(WHAT IS EXPECTED): Which lines run from the line with "Recambio de disco" through the line with "Moletom Donda Red Aura - D10000 Concept" in the entries below? Print them exactly, both ends included, and nothing more.

(DATA FOR THIS TASK):

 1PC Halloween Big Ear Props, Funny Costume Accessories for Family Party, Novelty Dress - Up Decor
...
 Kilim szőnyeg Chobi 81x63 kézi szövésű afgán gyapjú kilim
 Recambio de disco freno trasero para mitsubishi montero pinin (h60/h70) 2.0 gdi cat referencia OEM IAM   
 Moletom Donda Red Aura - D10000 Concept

(WRITTEN ANSWER):
 Recambio de disco freno trasero para mitsubishi montero pinin (h60/h70) 2.0 gdi cat referencia OEM IAM   
 Moletom Donda Red Aura - D10000 Concept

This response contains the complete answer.